*About this exercise*.
A line below contains "Axial Section Of", and a later one contains "Wilkodontics slider image". Repeat both, with every line between them, exactly.

*Task input*.
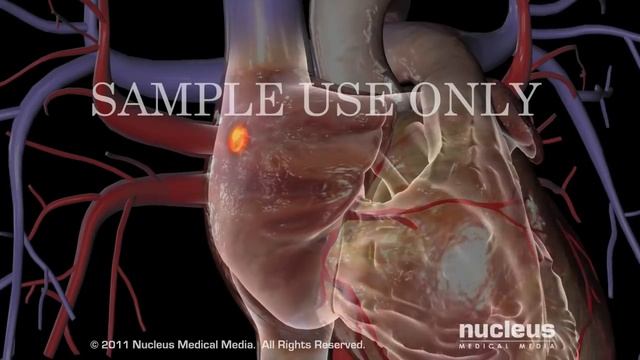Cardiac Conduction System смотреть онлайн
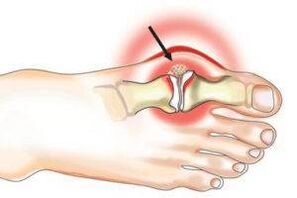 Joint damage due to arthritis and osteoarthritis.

...

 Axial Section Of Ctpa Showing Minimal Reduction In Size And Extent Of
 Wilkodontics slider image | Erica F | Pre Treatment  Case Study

*Output of the exercise*.
 Axial Section Of Ctpa Showing Minimal Reduction In Size And Extent Of
 Wilkodontics slider image | Erica F | Pre Treatment  Case Study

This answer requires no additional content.